Fluorine
Elementary fluorine probably is the strongest oxidizer
known. It is an exceedingly poisonous and exceedingly corrosive very pale yellow gas,
which eats virtually everything, including such inert things as glass and hard
plastics. Elementary fluorine even is capable of attacking the inert gasses
xenon and krypton and it can oxidize elementary oxygen to a positive oxidation
state!
Fluorine can only be prepared and handled with great
difficulty and there are only few labs in the world, which have the equipment
and expertise to do research, involving elementary fluorine. The home chemist
can only dream of this.
Compounds of fluorine frequently are remarkably inert,
especially when a completely fluorinated species is involved. Examples of this
are NF3, CF4, SF6. Higher strongly fluorinated
carbon-fluorine compounds also are remarkably inert, teflon being a well-known
nice example.
On the other hand, ionic fluorides and hydrofluoric acid
are quite dangerous and very reactive. Despite of the fact that hydrofluoric
acid is a weak acid (it is only weakly ionized in aqueous solution), it is among
the most dangerous mineral acids.
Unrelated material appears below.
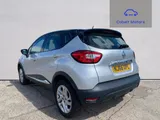 2016 Renault Captur thumbnail 3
It produces exceedingly painful wounds and
even dilute solutions must be handled with great respect.
Fluorides are moderately interesting from the point of
view of the home chemist. Fluorine has no aqueous redox chemistry, but it is
interesting as a ligand in many coordination complexes.
Hydrofluoric acid
should not be present in the average home lab. The benefits of using this
compound really are not worth the risks of storing and handling this acid.